Oppenheimer security clearance hearing
Over four weeks in 1954, the United States Atomic Energy Commission explored the background, actions, and associations of J. Robert Oppenheimer, the American scientist who directed the Los Alamos Laboratory during World War II as part of the Manhattan Project to develop the atomic bomb. The hearing resulted in Oppenheimer's Q clearance being revoked. This marked the end of his formal relationship with the Eisenhower government and generated considerable controversy regarding whether the treatment of Oppenheimer was fair, or whether it was an expression of anti-communist McCarthyism.
Doubts about Oppenheimer's loyalty dated back to the 1930s, when he was a member of numerous Communist front organizations and was associated with Communist Party USA members, including his wife, brother and sister-in-law. These associations were known to Army Counterintelligence at the time he was made director of the Los Alamos Laboratory in 1942 and chairman of the influential General Advisory Committee of the AEC in 1947. In this capacity, Oppenheimer became involved in bureaucratic conflict between the Army and Air Force over the types of nuclear weapons the country required, technical conflict between the scientists over the feasibility of the hydrogen bomb, and personal conflict with AEC commissioner Lewis Strauss.

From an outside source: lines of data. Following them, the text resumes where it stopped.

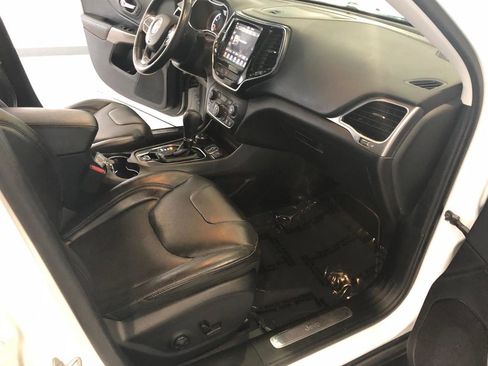 Used 2019 Jeep Cherokee Limited image 12
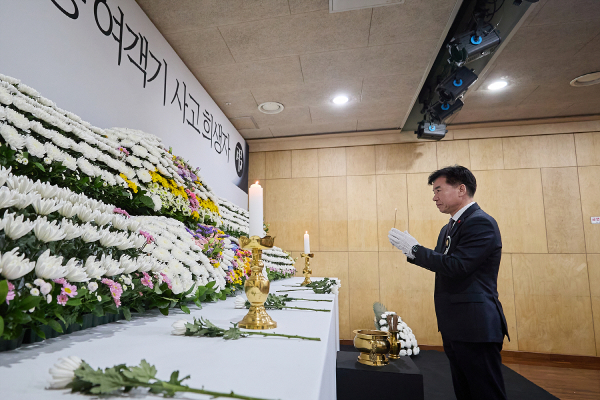 조일교 아산시장 권한대행 제주항공 희생자 합동분향소 참배 모습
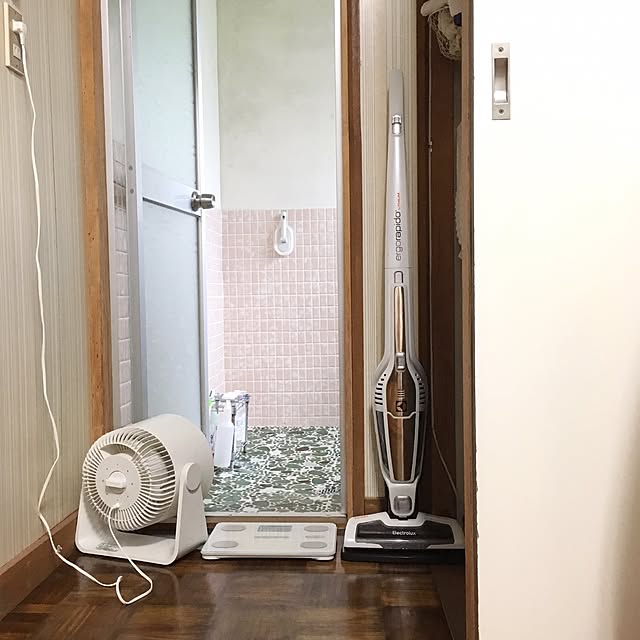 Bathroom,セルフリノベーション,昭和物件,タイルのお風呂,サーキュレーター,賃貸,田舎暮らし,築40年以上の昭和なお家,無印良品 m.tokの部屋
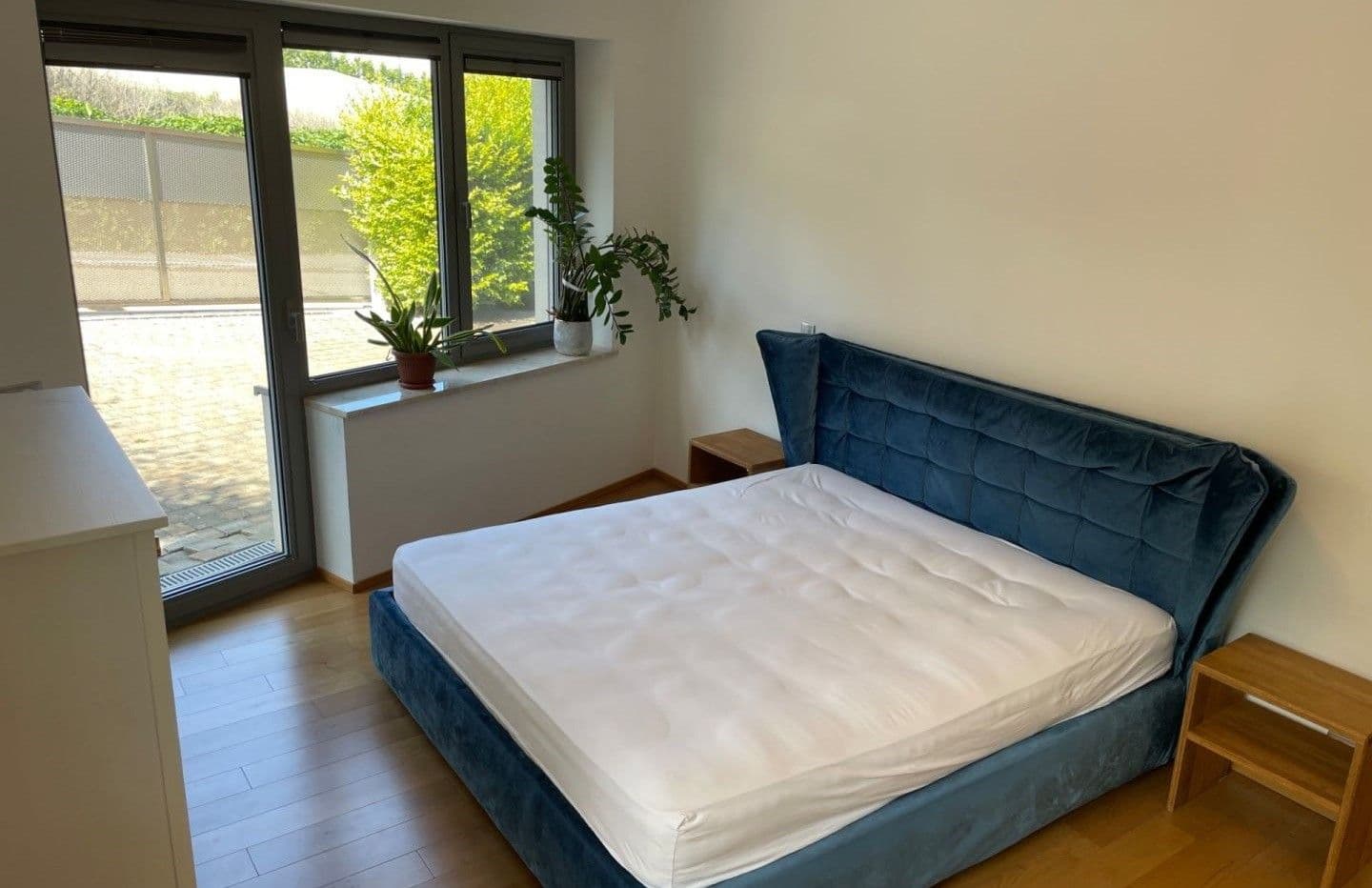 5 bedroom flat to rent, 170 m², Kráľovské údolie, Bratislava - mestská časť Staré Mesto, Bratislavský Region 5 bedroom flat to rent, 170 m², Kráľovské údolie, Bratislava - mestská časť Staré Mesto, Bratislavský Region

The proceedings were initiated after Oppenheimer refused to voluntarily give up his security clearance while working as an atomic weapons consultant for the US government, under a contract due to expire at the end of June 1954. Several of his colleagues testified at the hearings. As a result of the two-to-one decision of the hearing's three judges, he was stripped of his security clearance one day before his consultant contract was due to expire. The panel found that he was loyal and discreet with atomic secrets, but did not recommend that his security clearance be reinstated.

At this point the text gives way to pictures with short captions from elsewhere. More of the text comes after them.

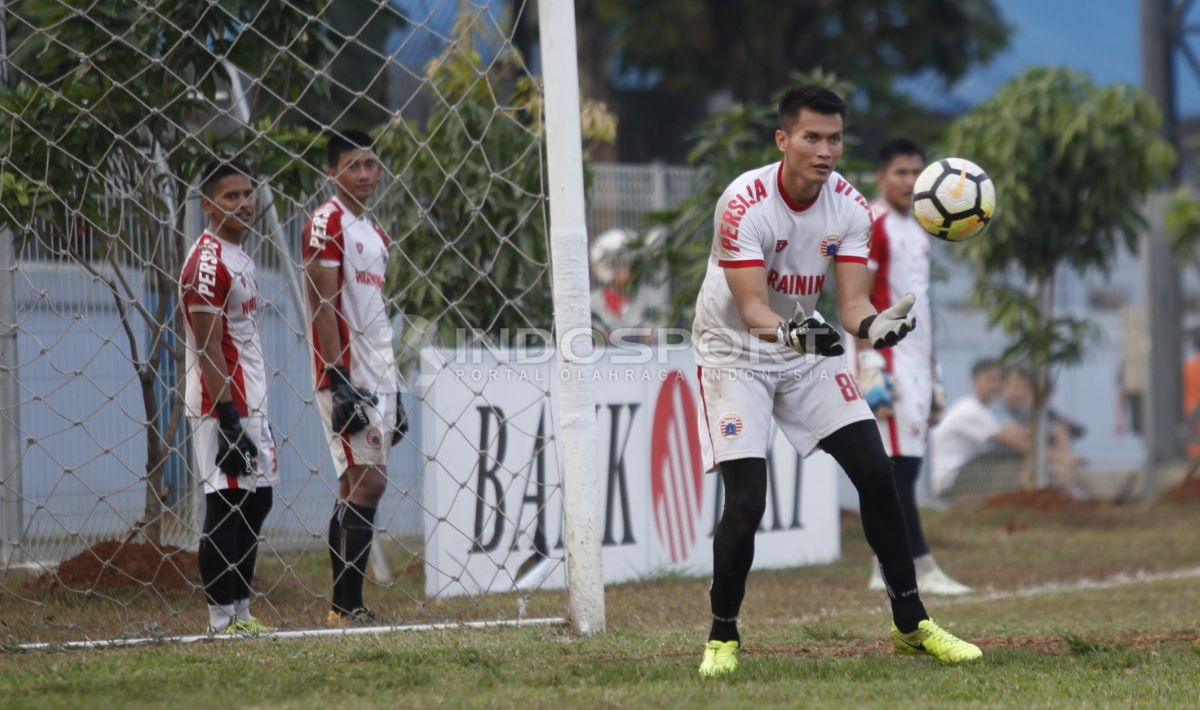 Shahar Ginanjar saat mengamankan bola yang mengarah ke gawangnya. Copyright: © Herry Ibrahim/INDOSPORT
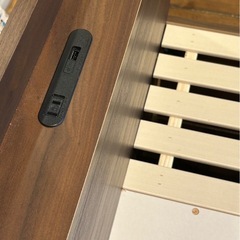 木製すのこ　コンセント収納付きシングルベッドフレーム　ニトリの画像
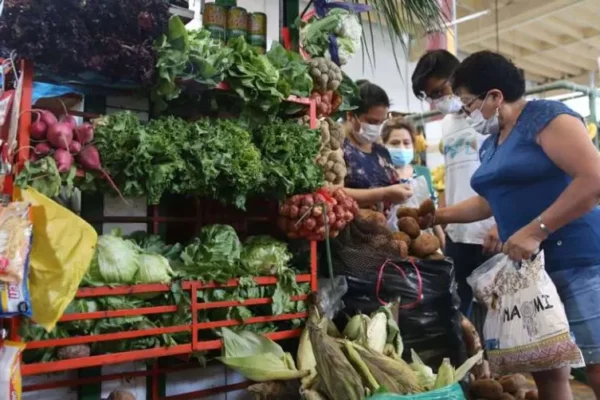 EN EL PRIMER DÍA DE ABASTECIMIENTO SE VIERON INCREMENTADOS LOS PRECIOS DE ALGUNOS PRODUCTOS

The loss of his security clearance ended Oppenheimer's role in government and policy. He became an academic exile, cut off from his former career and the world he had helped to create. The reputations of those who had testified against Oppenheimer were tarnished as well, though Oppenheimer's reputation was later partly rehabilitated by presidents John F. Kennedy and Lyndon B. Johnson. The brief period when scientists were viewed as a "public-policy priesthood" ended; thereafter, they would serve the state only to offer narrow scientific opinions. Scientists working in government were on notice that dissent was no longer tolerated.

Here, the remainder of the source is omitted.